I was recently challenged on a Facebook post that I’ve said enough as it relates to Grace Fellowship, Mike Reid, and the “church” of Davenport. I give the man the benefit of the doubt because I have met him personally, I like him, and I believe that he is sincere in his statement to me.
We went back and forth for a while and he said I needed to stop because I was becoming a gong, referring to 1 Corinthians 13:1 – If I speak in the tongues of men and of angels, but have not love, I am a noisy gong or a clanging cymbal.
I’ve contemplated this most of the day, as I have for several years now. I think it’s important to make the statement that I didn’t go into this with haste, and he wrongly assumes my motives are not in love. I commented that I’ve spent hours in prayer over this topic and that I have received the counsel of a couple of very close friends that are mature in the faith, men that I trust, not yes men.

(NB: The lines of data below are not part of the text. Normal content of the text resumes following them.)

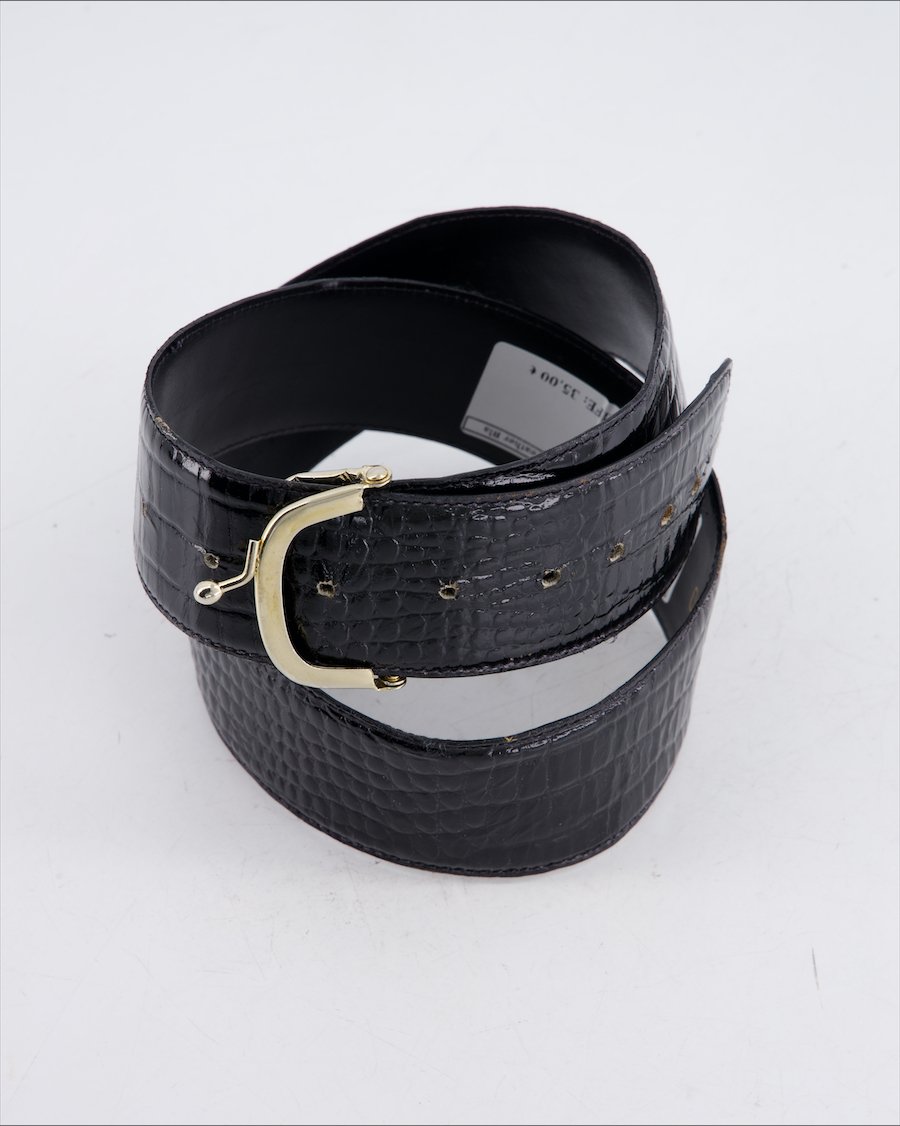 Moschino Cheap And Chic Belt Leather Black
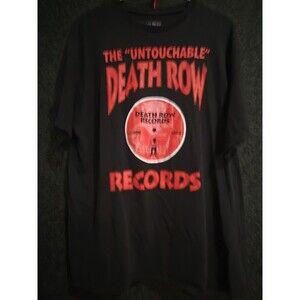 The Untouchable Death Row Records T shirt Small Black Dr Dre Snoop Dogg Xl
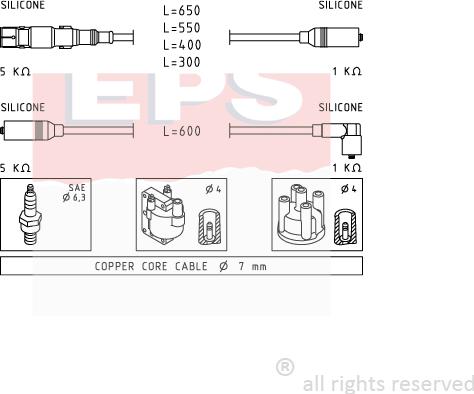 MDR EPS-1501 932 - Комплект проводів запалювання autocars.com.ua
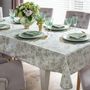 Table cloths - Tablecloth Toile de Jouy Green - 140 cm x 250 cm - ROSEBERRY HOME
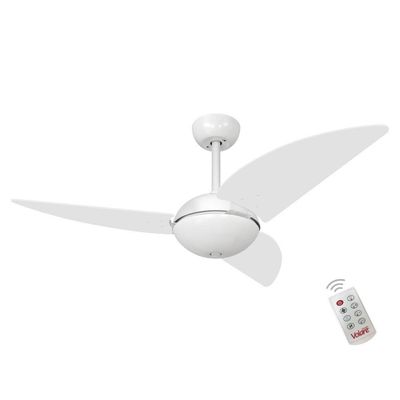 Ventilador Off Clear Branco 110V E Controle Remoto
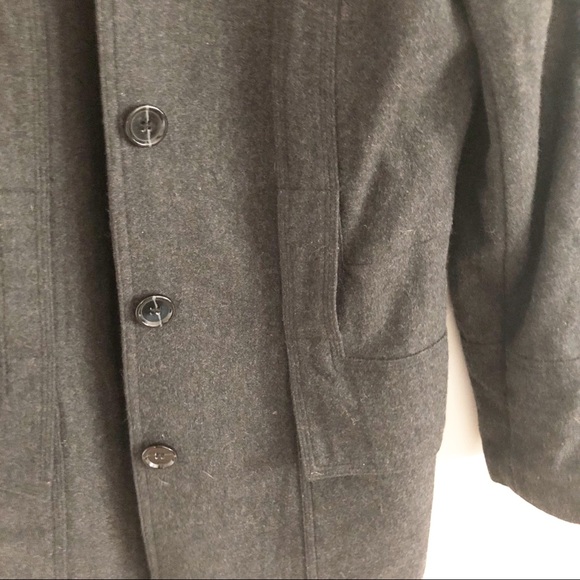 Zara Basic Wool Peacoat - Picture 3 of 5
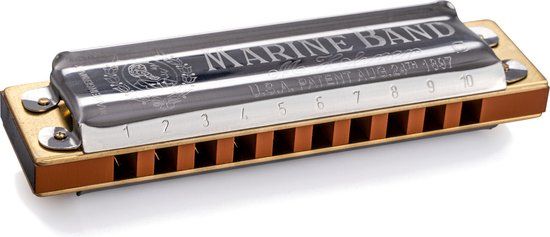 Hohner Marine Band 125th Anniversary diatonische mondharmonica in C-majeur - autentiek - collectors-item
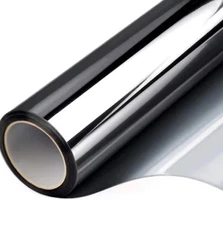 2 PLY WINDOW FILM ROLL 60 in x 100 ft 15% INTERSOLAR  2 PLY BLACK REFLECTIVE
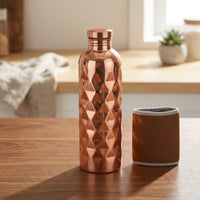 1300ml Stainless Steel Water Bottle Textured Water Bottle with Safeguarding Sleeve Silvery Beverage Container Reusable for Athletes, Commuters, Outdoor Activities, Gym, Office
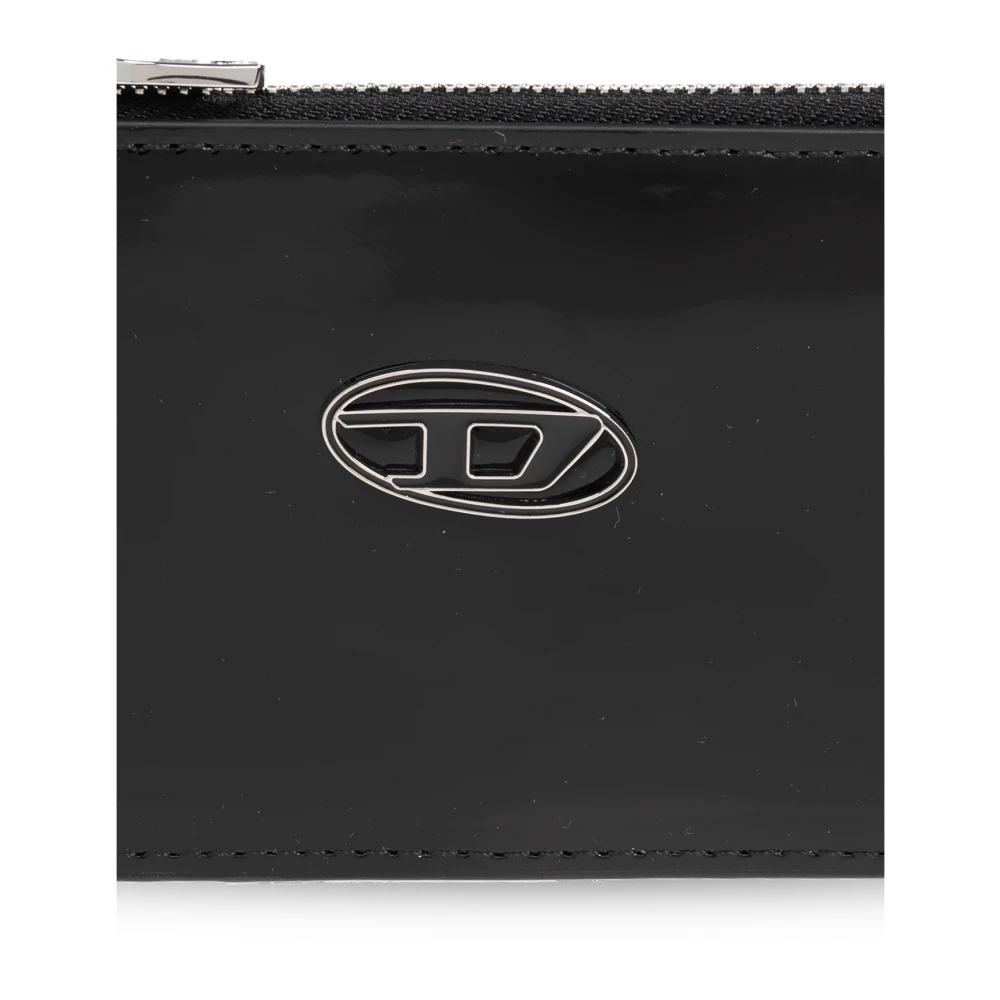 Diesel Kaarthouder Play D Card Holder Black Dames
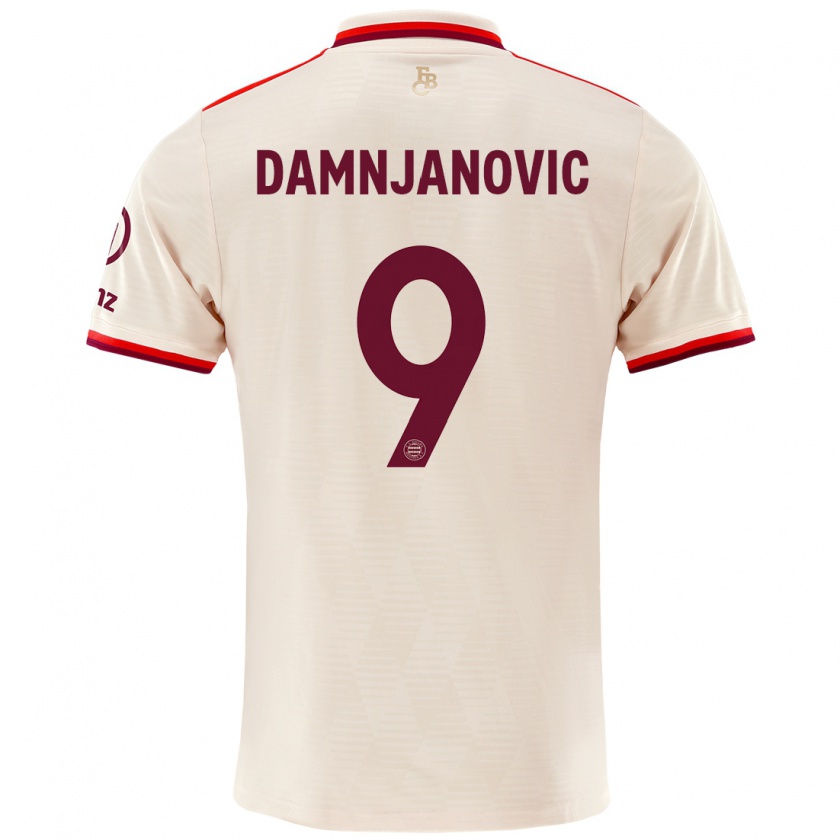 Kandiny Niño Camiseta Jovana Damnjanović #9 Lino Equipación Tercera 2024/25 La Camisa Chile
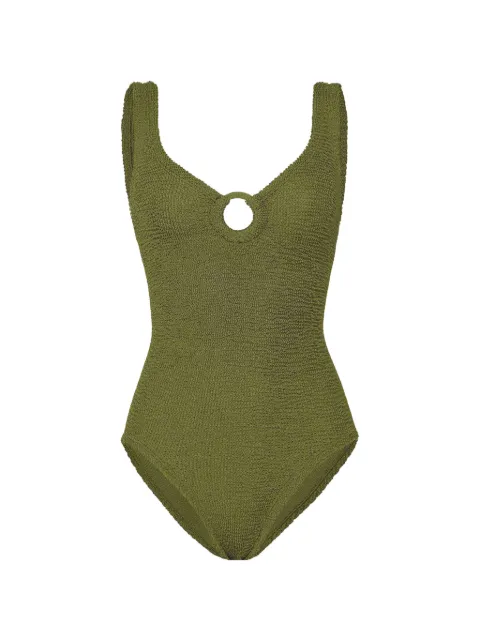 Hunza G Celine hoop-detail swimsuit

The man that commented, while I respect him, doesn’t know all that goes on at GFC. He hasn’t experienced or seen the damage they’ve done to countless people. When do I decide it is enough? I said I respectfully reject his premise. I wonder when we grow tired of doing good, or when we should quit caring for those in bondage.
Bear one another’s burdens, and so fulfill the law of Christ. – Galatians 6:1.
I care about the people that are still there, and whether they realize it or not they are under a burden, and I believe it is necessary for me to continue to speak out where I see a distortion of the gospel and truths contained therein. I seek no accolades or acknowledgments. I seek the truth, and I seek to see them set free. I have a purpose in this, and it keeps me from being bitter, just the opposite of what some might think.
Paul said it well, “Therefore, my beloved brothers, be steadfast, immovable, always abounding in the work of the Lord, knowing that in the Lord your labor is not in vain" – 1 Corinthians 15:58.
This labor has been fruitful. Why? Because it is done for God’s glory not my own, and for that, I won’t back down nor apologize.